Asimismo, hay personas con patologías en la piel como acné, que necesitan un cuidado adicional especial, por lo que lo recomendable son productos no comedogénicos que garanticen la no aparición de nuevas lesiones.

De esta manera, y con base en cada una de estas características, estarás lista para disfrutar de tus vacaciones y tomar las medidas necesarias para cuidar tu piel y la de tu familia adecuadamente.

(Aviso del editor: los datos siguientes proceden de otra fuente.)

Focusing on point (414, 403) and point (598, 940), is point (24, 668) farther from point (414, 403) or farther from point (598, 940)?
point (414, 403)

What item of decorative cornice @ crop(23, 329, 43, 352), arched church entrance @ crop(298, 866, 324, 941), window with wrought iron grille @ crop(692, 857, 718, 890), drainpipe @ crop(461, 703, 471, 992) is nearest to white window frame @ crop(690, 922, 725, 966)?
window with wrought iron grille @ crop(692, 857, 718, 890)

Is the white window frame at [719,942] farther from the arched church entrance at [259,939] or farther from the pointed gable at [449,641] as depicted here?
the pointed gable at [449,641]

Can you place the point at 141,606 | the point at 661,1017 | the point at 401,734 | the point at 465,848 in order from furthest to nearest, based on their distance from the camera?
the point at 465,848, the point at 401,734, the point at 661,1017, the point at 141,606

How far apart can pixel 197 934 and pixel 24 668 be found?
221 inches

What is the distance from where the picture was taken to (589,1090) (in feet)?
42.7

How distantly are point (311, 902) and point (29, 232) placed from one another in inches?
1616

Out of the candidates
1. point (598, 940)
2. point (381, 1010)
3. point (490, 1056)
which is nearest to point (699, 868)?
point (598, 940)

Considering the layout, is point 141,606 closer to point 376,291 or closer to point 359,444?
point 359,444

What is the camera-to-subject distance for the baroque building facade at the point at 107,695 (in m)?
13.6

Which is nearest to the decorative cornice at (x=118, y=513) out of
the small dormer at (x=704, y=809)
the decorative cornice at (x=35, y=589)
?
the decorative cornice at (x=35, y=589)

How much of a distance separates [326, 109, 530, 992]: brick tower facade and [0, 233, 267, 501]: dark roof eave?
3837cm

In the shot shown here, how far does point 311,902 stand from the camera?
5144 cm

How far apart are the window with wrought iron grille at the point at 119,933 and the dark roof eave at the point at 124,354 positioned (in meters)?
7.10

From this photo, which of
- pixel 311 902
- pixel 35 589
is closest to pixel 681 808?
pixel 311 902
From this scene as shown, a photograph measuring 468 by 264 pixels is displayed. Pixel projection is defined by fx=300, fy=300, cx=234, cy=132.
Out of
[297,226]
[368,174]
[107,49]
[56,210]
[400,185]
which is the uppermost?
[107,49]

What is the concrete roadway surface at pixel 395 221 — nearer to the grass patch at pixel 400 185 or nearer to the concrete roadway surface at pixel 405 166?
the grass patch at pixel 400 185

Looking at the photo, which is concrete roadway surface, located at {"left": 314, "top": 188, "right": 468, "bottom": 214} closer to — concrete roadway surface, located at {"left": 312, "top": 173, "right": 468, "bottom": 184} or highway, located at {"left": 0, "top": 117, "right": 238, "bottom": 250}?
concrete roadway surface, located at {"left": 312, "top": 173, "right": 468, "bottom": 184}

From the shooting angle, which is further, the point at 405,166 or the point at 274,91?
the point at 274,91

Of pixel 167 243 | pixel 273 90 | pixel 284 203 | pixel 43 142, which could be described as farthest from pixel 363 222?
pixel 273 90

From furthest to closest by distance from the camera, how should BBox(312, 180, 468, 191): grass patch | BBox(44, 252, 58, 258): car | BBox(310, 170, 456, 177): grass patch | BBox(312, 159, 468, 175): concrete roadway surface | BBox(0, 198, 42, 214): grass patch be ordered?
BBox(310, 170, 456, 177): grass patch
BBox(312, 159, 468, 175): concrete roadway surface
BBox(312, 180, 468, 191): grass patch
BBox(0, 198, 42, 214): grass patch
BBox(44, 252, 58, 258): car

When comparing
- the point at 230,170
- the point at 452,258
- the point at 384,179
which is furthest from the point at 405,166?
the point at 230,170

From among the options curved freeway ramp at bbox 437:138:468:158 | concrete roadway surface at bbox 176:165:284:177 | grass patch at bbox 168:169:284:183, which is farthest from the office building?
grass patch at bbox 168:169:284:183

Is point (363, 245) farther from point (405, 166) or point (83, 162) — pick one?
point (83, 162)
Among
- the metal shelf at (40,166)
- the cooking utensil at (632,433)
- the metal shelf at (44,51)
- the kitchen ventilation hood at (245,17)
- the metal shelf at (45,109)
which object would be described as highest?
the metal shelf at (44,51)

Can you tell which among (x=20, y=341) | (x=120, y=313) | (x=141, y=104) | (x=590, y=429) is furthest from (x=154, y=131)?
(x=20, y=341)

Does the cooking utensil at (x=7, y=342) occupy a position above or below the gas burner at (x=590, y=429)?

Algunas recomendaciones extra para una fotoprotección efectiva


  • Aplícate el protector generosamente por todo el cuerpo entre 20 y 30 minutos antes de la exposición solar.
  • Reaplica el producto cada dos horas y después de salir de la piscina o el mar con la piel completamente seca.
  • Una vez abiertos, los protectores comienzan a perder cualidades, por lo que se recomienda comprar protectores con regularidad.
  • Evita la exposición al sol entre las 10 de la mañana y las 3 de la tarde.
  • Los niños menores de tres años no deben exponerse al sol.
  • Acompaña la protección de la crema solar con sombrillas, sombreros y gafas con filtro UV.
  • Toma mucha agua cuando te expongas al sol.
  • Si después de haber tomado el sol notas que alguna peca o lunar cambian de color, tamaño o forma, consulta de inmediato un dermatólogo.